Chapter Thirty-Two #2

“Everything you do is such chaos,” he says, but his tone is full of fondness tempered by wonder and a flash of desire when I lick my lips clean, too. “My beautiful, magnificent, unruly star. Devourer of darkness, defender of innocents.”

At his words, suddenly I recall my thoughts about Nuadar on the mountain. “Darrius, I think Nuadar might be the oracle,” I blurt out.

He goes still. “Why?” His reply is quiet, not defensive.

“It’s only a hunch. He’s a dominant corpus magi, but he’s brewed your so-called sedative for years.

What if he is involved somehow, making you progressively weaker or more susceptible to the shift?

He also came up with the idea for the dragon’s bloom, and I think that’s what made us unconscious.

” I inhale, chewing the corner of my lip.

I don’t mention that the oracle had called me Oryndhrian, much like Nuadar had.

“And I believe he might be colluding with the Oryndhrians from something Masi?ta said when we were on the cliffs . . . about the reproductive cycles of the azdaha and their egg count. Only a beastmaster knows that.”

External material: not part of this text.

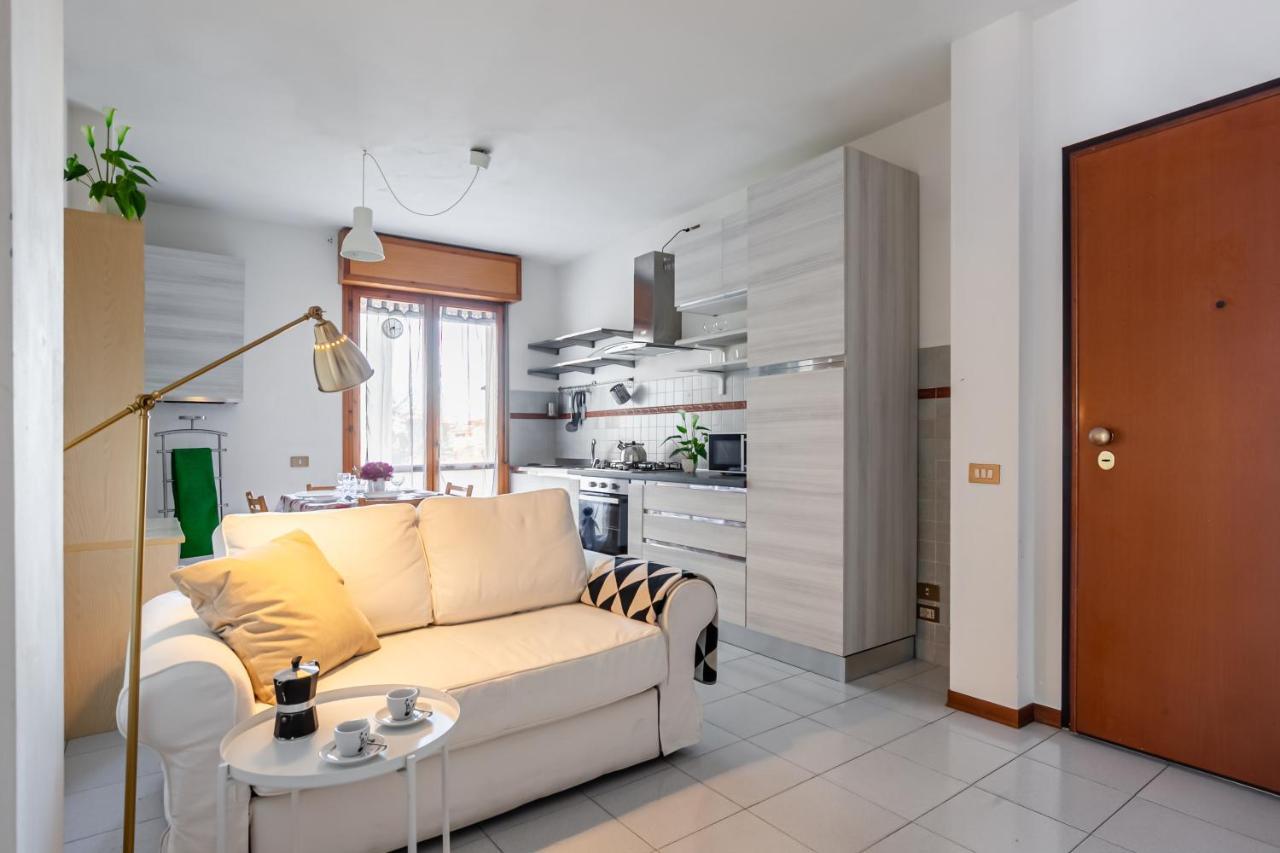 Cozy Near The Hospital With 2 Balconies! Apartamento Pisa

“He’s been with my family for years,” Darrius says, but then he stops and frowns as if the coincidences and timelines are too much to ignore. “I’ll tell Maxur to investigate.”

After I finish my meal, Darrius lifts a hand and a servant clears away the tray of food.

He reaches for my hands across the top of the table, flipping them to stroke the lines on the inside.

I sigh at the light touch. Our lives might be different, but traditions, prophecies, and beliefs cross paths and intersect across all realms.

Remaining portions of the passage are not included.